Sunday, January 2, 2011

Feral Hogs

Feral Hogs- Wikimedia
Like many other invasive species, feral hogs are likely to be with us for the foreseeable future, so we better get to know them better.  The Smithsonian Magazine article this month provides a good introduction.

Our Christian County neighbor had a visit from feral hogs this year.  After seeing large numbers on his game camera, he contacted the Missouri Department of Conservation.  Jeff Harris quickly responded and they began baiting the area with corn.  After a week of 150 pounds of corn daily, the hogs didn't seem to mind the gradual construction of a cattle panel fence around the corn pile.
Feral Hog Trap
Several days after the final panel and trap gate was installed, they were ready.  When the trap was tripped, there were 25 hogs which were captured, killed, and sent off for processing.  With that many wild hogs, there is no way to safely load them up alive.

One question I have been repeatedly been asked was if these were "native Arkansas Razorbacks".  There were no pigs native to North America.  Pigs were introduced to the Western Hemisphere and Australia by humans.  They came to the Caribbean with Christopher Columbus and later Hernando De Soto brought them to Florida.

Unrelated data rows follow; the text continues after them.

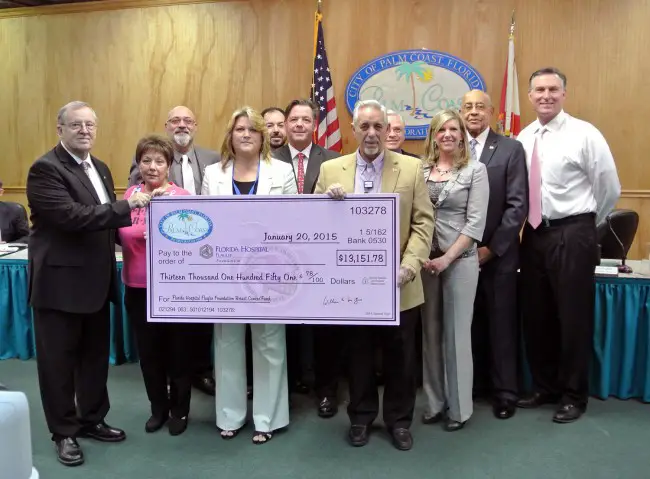 Members of the Palm Coast City Council and Florida Hospital Flagler's foundation at this morning's check ceremony. Click on the image for larger view. 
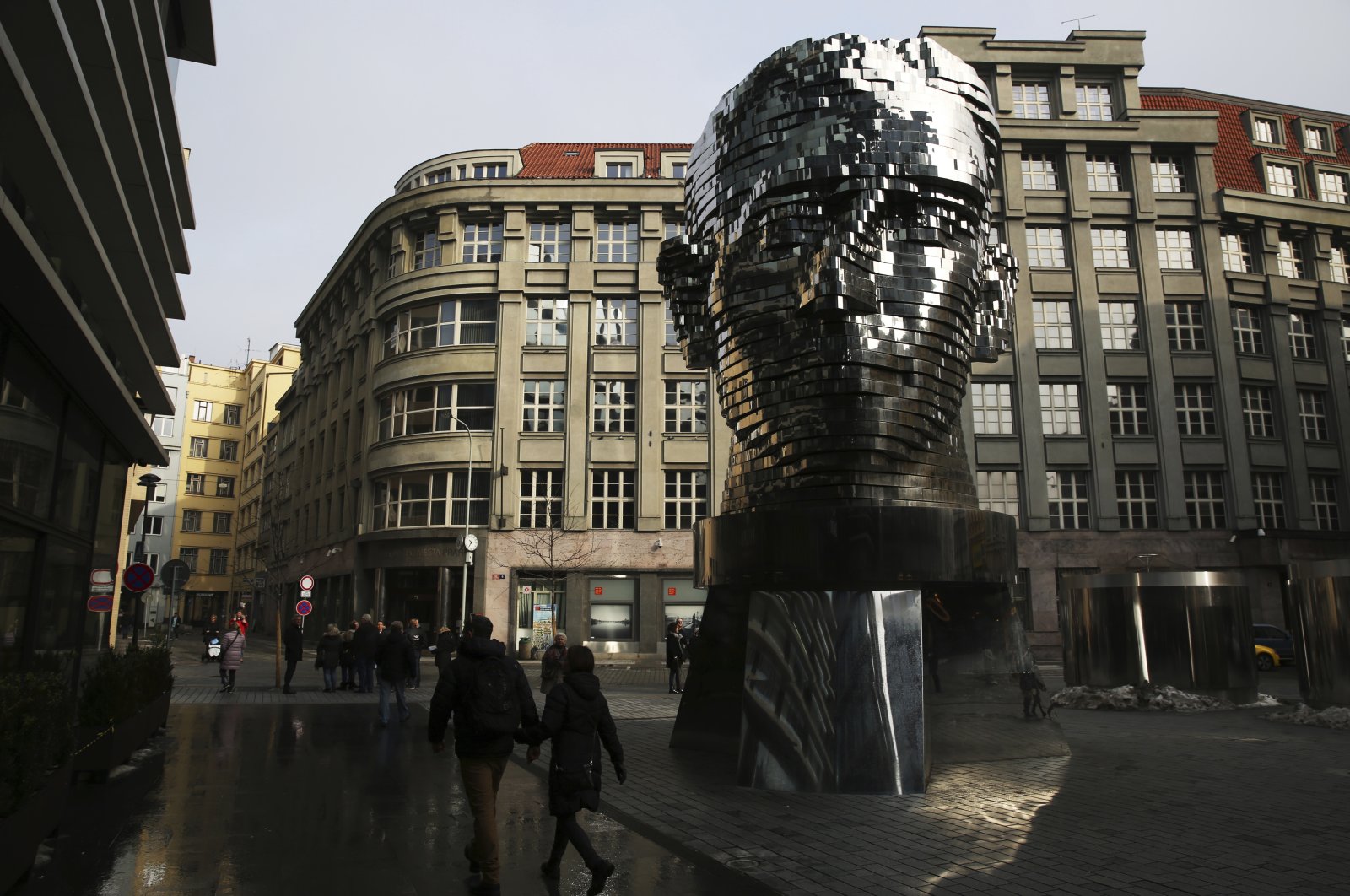 Tourists walk past a moving metal sculpture of writer Franz Kafka in his birth city of Prague, Czechia, Feb. 4, 2017. (AP Photo)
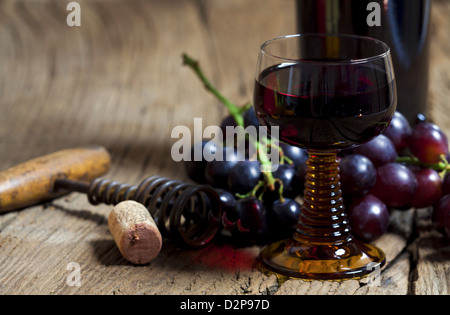 Un bicchiere di vino rosso con bottiglia e uva sono su un vecchio rustico tavolo in legno Foto Stock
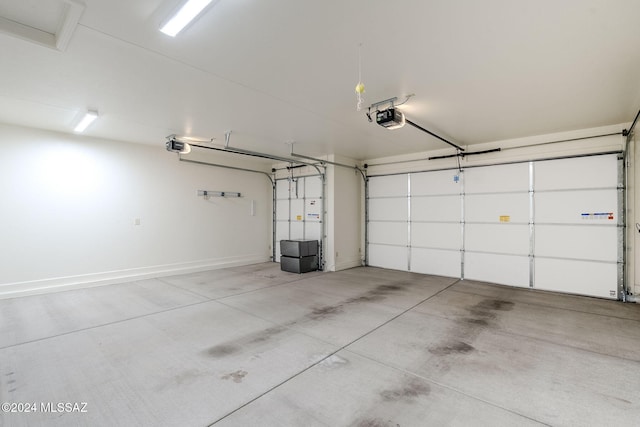 garage featuring a garage door opener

We think of hogs raised in pens, but free range hogs were common in the Ozarks into the 1950's.  They would let the hogs range over a large area of forested hills, sometimes contained with "hog fence".  When ready for market, they would start corn feeding the hogs in a fenced area or corral much like was used above, then close the gate one day and back up the truck to load them.  As described in a 1920 book:
"A large part of the wild land still constitutes a free range.  Stock law, which makes the owner responsible for all unconfined stock, has been introduced only in the better parts of the border regions, and usually only after a spirited contest between the farmers interested in crop raising and the poorer farmers of the old regime.  Elsewhere whatever land is not under fence is free to anybody's stock.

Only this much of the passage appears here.